Brief fact sheet – about the monitoring process

New Zealand ratified the United Nations Convention on the Rights of Persons with Disabilities (UN CRPD) in September 2008.

Article 33 of the convention relates to the national implementation and monitoring of the Convention.

Article 33.1 provides that Government establish a focal point "for matters relating to the implementation of the present Convention". That focal point is the Office for Disability Issues in the Ministry of Social Development.

Article 33.2 provides for the establishment of an independent mechanism for the monitoring of the implementation of the Convention. Government has designated three organisations to jointly perform this function - the Human Rights Commission, the Office of the Ombudsmen and the Convention Coalition. The three organisations have become collectively known as the troika.
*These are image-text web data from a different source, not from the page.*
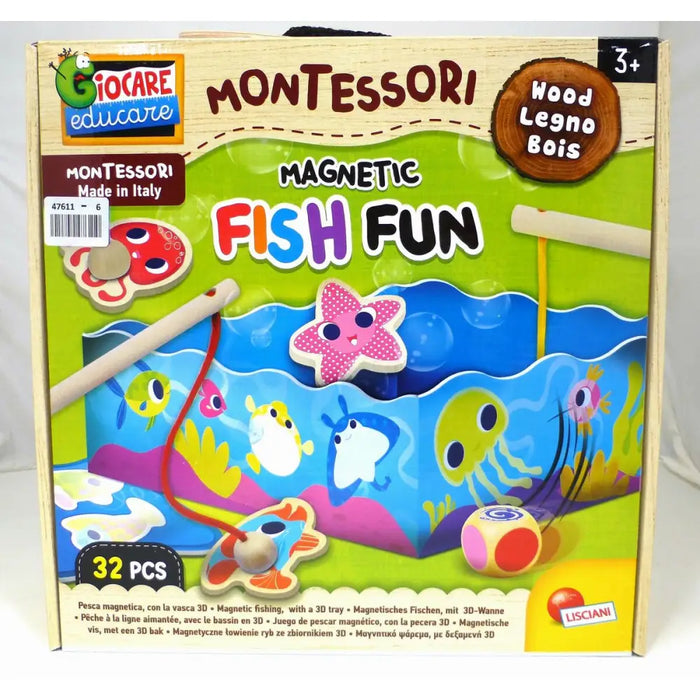 Настолна игра Lisciani Giochi Montessori Риболов (6 броя)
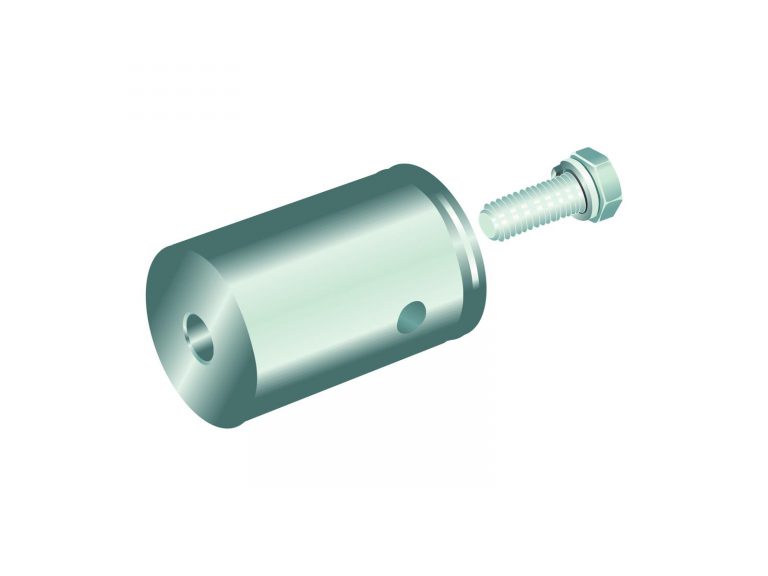 ALUTRUSS QUADLOCK female conical coupler w.screw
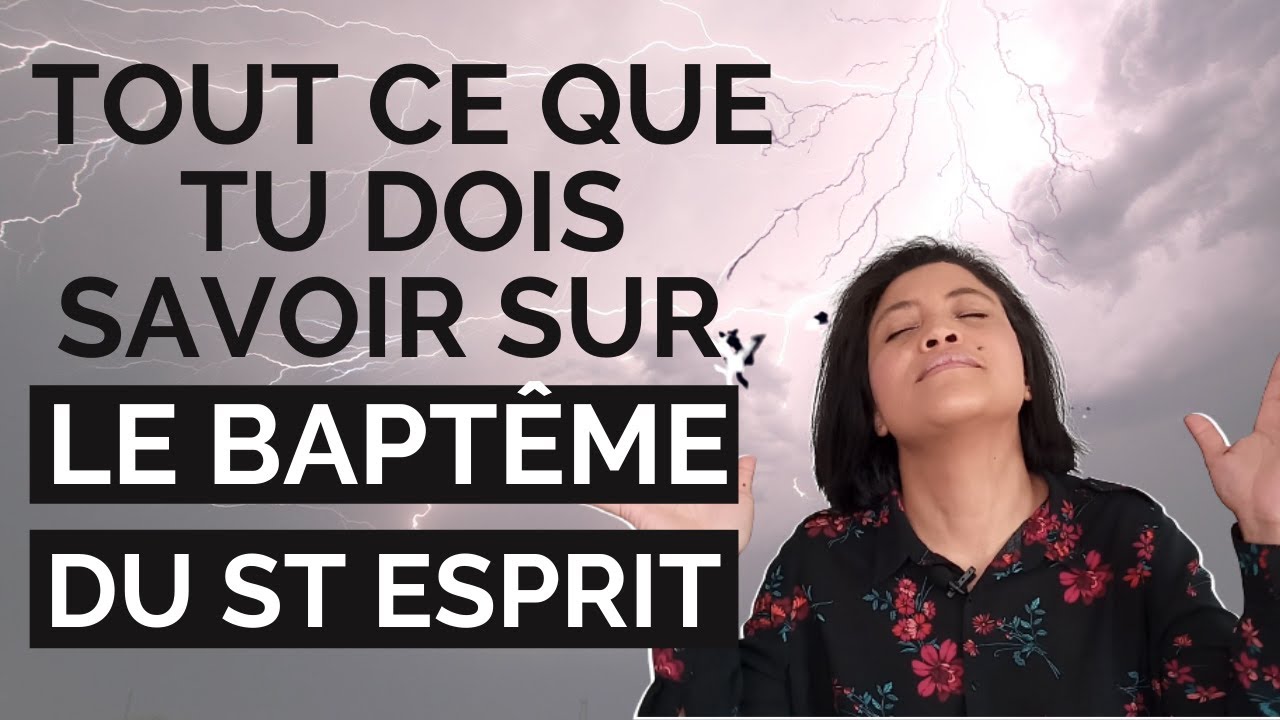 COMMENT FAIRE POUR RECEVOIR LE BAPTÊME DU ST ESPRIT?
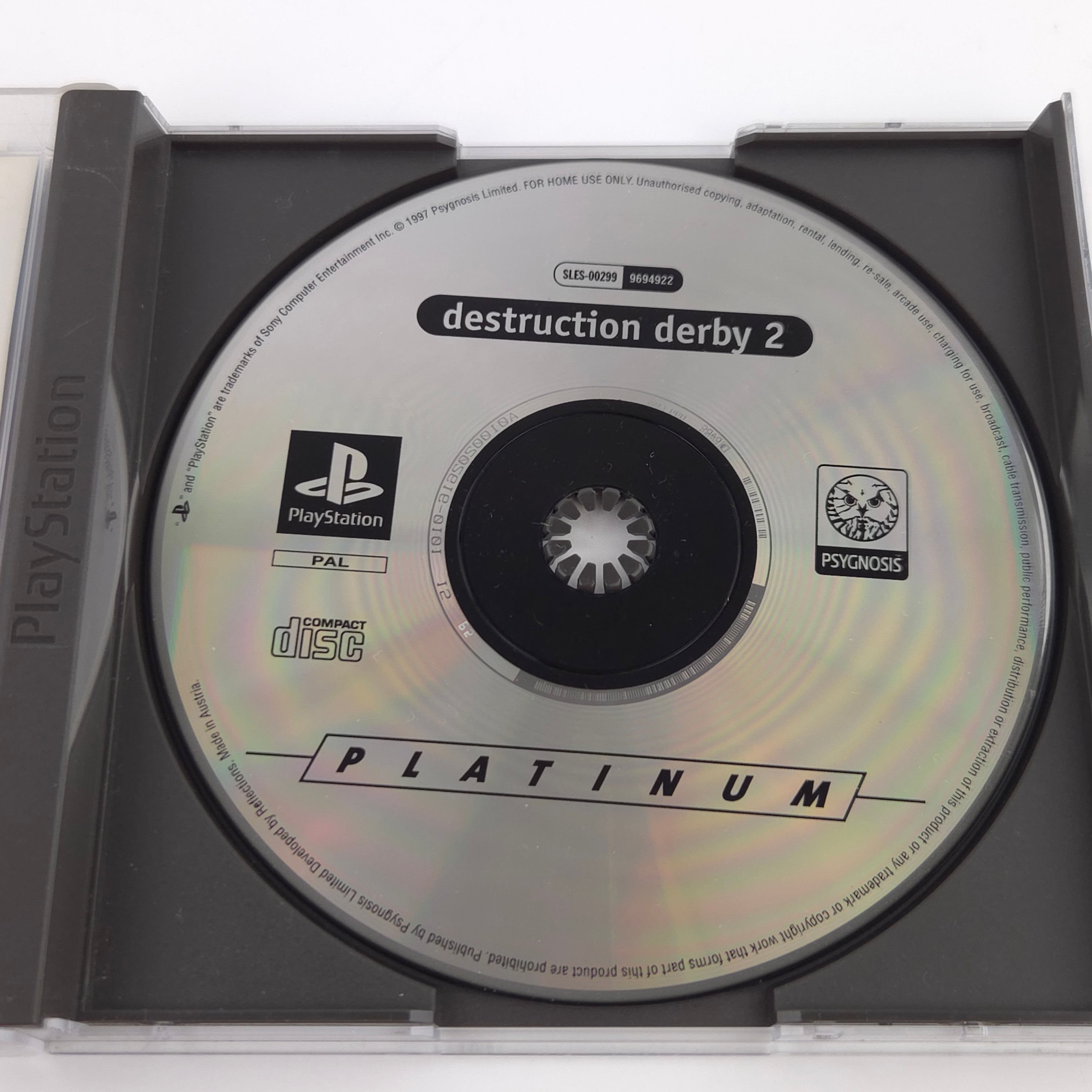 Playstation 1 Spiel – Destruction Derby 2 (PAL)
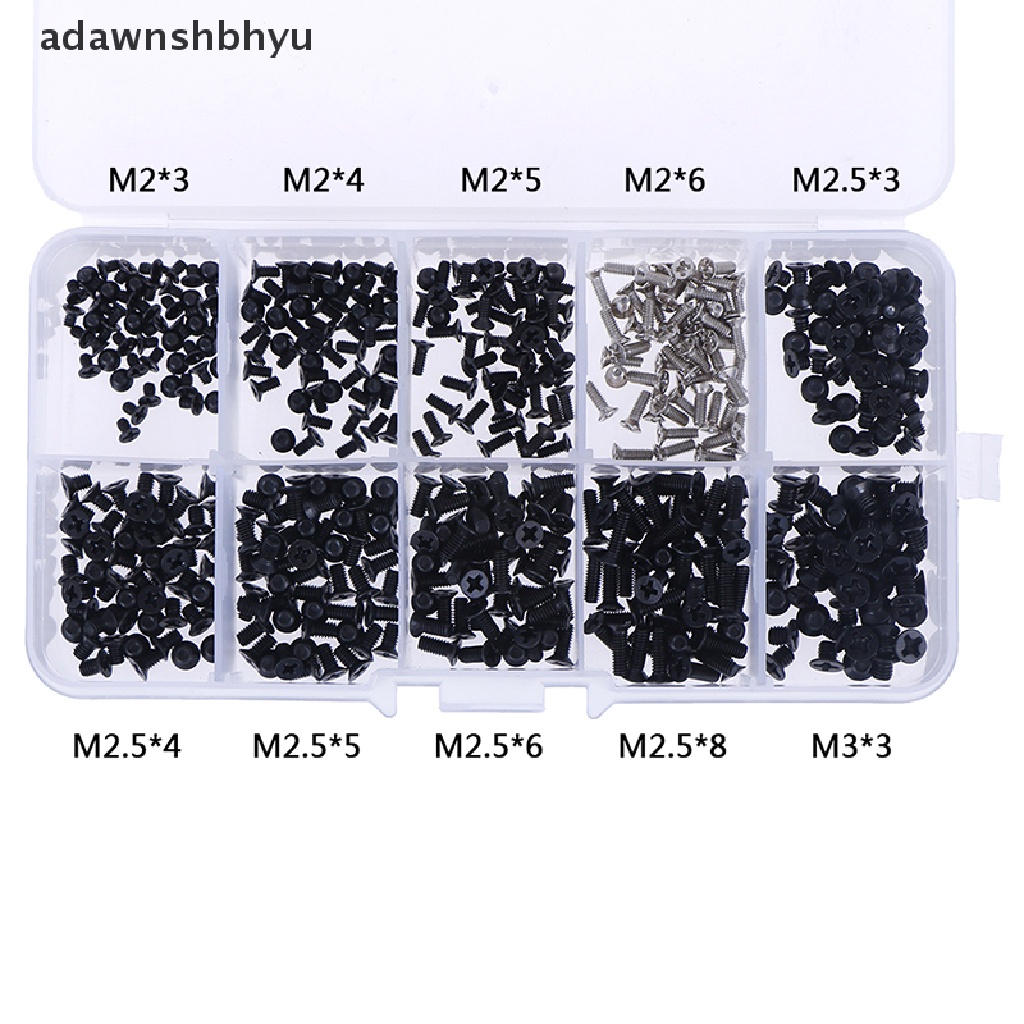 Sekrup set Komputer laptop adawnshbhyu 500pcs universal screw m2 m2.3 m3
Article 33.3 says that disabled people, through their representative organisations, must be involved in monitoring the Convention's implementation.

To this end, eight disabled people's organisations (DPOs) formed the Convention Coalition at the beginning of 2010. The Convention Coalition provides the civil society component of the obligations for national implementation and monitoring of the Convention under the terms of the Memorandum of Understanding signed by its member organisations. The eight national DPOs are:

• Association of Blind Citizens of New Zealand Inc.

• Balance New Zealand Bipolar and Depression Network

• Deaf Aotearoa New Zealand

• Disabled Persons Assembly (NZ) Inc. (DPA)

• Nga Hau E Wha

• Ngāti Kāpō O Aotearoa and

• People First New Zealand Inc.

• Deafblind (NZ) Inc.

In particular, the Convention Coalition provides an ethical mechanism for disabled people's input into the monitoring of their rights, as stated in the Convention. Through its links to Disability Rights Promotion International, based at York University, Toronto, Canada, the Convention Coalition ensures a sustainable process for this input into the future.

Target group

The Convention Coalition involves the widest group of disabled people possible in any or all of the elements of monitoring. Disabled people are defined (in consistency with the Convention's understanding of disability as an evolving concept) as including those who have long term physical, mental, intellectual or sensory impairments. Every effort is made to ensure the monitoring activities cover people with all types of impairment, drawn from rural and urban areas in the North and South Islands including Maori and Pacefika.

Long term goals of the Convention Coalition

New Zealand is obligated to monitor the implementation of the Convention. By supporting disabled people's organisations to be an equal partner in the monitoring framework, and to link with a reputable international project supporting disabled people to monitor the experience of their rights, the Convention Coalition can ensure it honours the spirit of the Convention and develop a sustainable process. The Convention Coalition anticipates this will help to further the implementation of the Convention in New Zealand and of outcomes for disabled people.

Long term outcomes

Disabled people, via their representative organisations in the Convention Coalition, have an active part and direct voice in monitoring disability rights. The voice of disabled people is heard directly. Information from this monitoring activity will be analysed and a written monitoring report(s) produced each year based on the analysis.